The first of these is an introduction to logic that may have been the first such book to include computer exercises. I read it long ago, liked it, and gave it away, so can't say much more about it, except that I liked it.
The second is an exposition of paradoxes and vicious circles. It contains a lot of good clear explanations of recent thinking in mathematical logic in fields related to this subject including computer programming and theories of truth.
In general terms, the authors sketch solutions (or approaches to solutions) based on the idea to give up one of the standard axioms of set theory, the Axiom of Foundation, that excludes the existence of sets that are members of themselves.
This is also interesting for psychology and philosophy of mind, since so many issues in these fields involve some kind of selfreference (such as the one that allows the reader to understand that in this sentence I am saying something about this sentence and myself using the term "I").
The third is a treatment of the paradox of the liar that involves a distinction of two kinds of negation. I am partial to that  kind of  distinction (having thought of it myself in 1975, although I discovered later others did so much earlier) and an interesting attempted solution of a very tricky problem. For more attempted solutions (along various lines) see Recent Essays on Truth and the Liar Paradox, ed.
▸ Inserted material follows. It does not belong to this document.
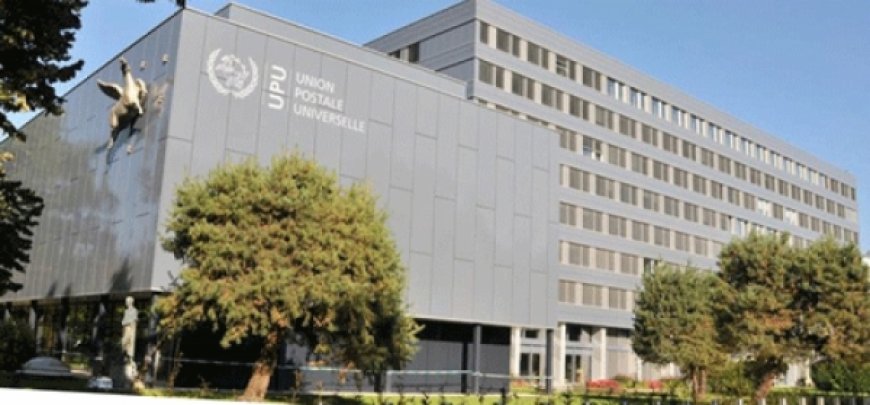 Côte d’Ivoire : “Le 27ème congrès de l’UPU est reporté, pas annulé”, rassure Dr Guibessongui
R.L. Martin.
George Boolos

 Logic, Logic and Logic
 Computability and Logic (with R. Jeffrey)

The first is a recent collection of essays by Boolos. It consists of articles in three loose groups (whence the thrice repeated "Logic"), namely about the foundations of set theory (which is the foundation of mathematics, which is the foundation of everything else  briefly), about Frege's logical theories, and about various logical subjects, notably Gödel's theorems and things impossible or impractical in first order logic.
This is also interesting for psychology and philosophy of mind, especially because Boolos discusses higherorder logic (involved in such statements as: "There are some relations and properties thereof I can think of you cannot think of  as shown by this sentence, which you, dear reader, cannot possibly believe to be true") and gives examples of formulas computers can't compute.
The second is an introduction to logic by Boolos and Jeffrey that is good and clear and includes an exposition of Gödel's Theorems and computable functions. I owe the first edition; there have been later ones (with some corrections of the first and some new material).
Raymond Smullyan

 FirstOrder Logic
 Diagonalization and SelfReference  To Mock a Mockingbird  Forever Undecided  Satan, Cantor and Infinity

I really should have included Smullyan but forgot to do so in the original edition of this internet page (that's quite popular, I found to my pleasant surprise). I can recommend all of his books (I think: I have read most of them, and what I have read was uniformly excellent, very readable, and very clear) also those which are not mathematical or logical. (So, in mitigation I have provided links to surveys of these books on Wikipedia.)
In fact, Smullyan published quite a lot of books in three fields, mostly: Mathematical Logic, Logic Puzzles and Philosophy, though there tends to be a substantial overlap that consists mostly of logic.
FirstOrder Logic is a very fine, very clear exposition of propositional and first order logic including metatheorems (theorems about what systems of logic can and cannot prove, and/or about consistency of and provability in logical systems). It is based on a particularly clear version of Beth's Semantic Tableaux, and includes what is probably the clearest exposition of the logic of quantifiers.
Diagonalization and SelfReference: Smullyan got wellknown as a mathematical logician with his Theory of Formal Systems, another very clear introduction to the subject of what formal systems are, precisely, and with work on Gödel's Theorem, summarized in his Gödel's Incompleteness Theorems. The book I listed contains versions of most of the material of these books, and also of another one Recursion Theory for Metamathematics, and is probably Smullyan's main work in mathematical logic. It is unlikely you'll find clearer expositions of the subject, but it should also be said these are genuinely difficult subjects.
Then again, for those who want to understand Gödel's Theorems and have a good time, there is (among others):
Forever Undecided which introduces these theorems and the ideas behind them in the form of a series of logic puzzles, that also introduce standard logic. This is listed as one of Smullyan's logic puzzle books on Wikipedia, which is right in a way  if one realizes Smullyan is the Lewis Carroll of the 20th Century and all his many puzzle books not only contain very clever, very amusing and often quite challenging logic puzzles (with clear solutions!), but in fact are all also introductions to logic.
Another example of this is:
Satan, Cantor and Infinity: It does consist of logic puzzles, but it is in fact also an introduction to standard logic and set theory, that also is one of the most enlightening and amusing introductions to these subjects (mostly without formalism, but nevertheless quite precise and clear).
Finally, for those really interested in logic:
To Mock a Mockingbird: This is a book of logic puzzles that also is an introduction to combinatory logic, which is a foundation for logic and mathematics thought up, created or developed by Schönfinkel and Curry and later by others, that manages to derive logic and mathematics from a the logical combinators Kxy = x and Sxyz = xz(yz). It is quite amazing if you believed Russell and Whitehead's Principia Mathematica or Zermelo's Set Theory are what the foundations of lohic and mathematics should look like or presume. (See also: Lambda calculus. For an exposition of the relation between these and other subjects, see Peter Selinger's "Lecture Notes on the Lambda Calculus".)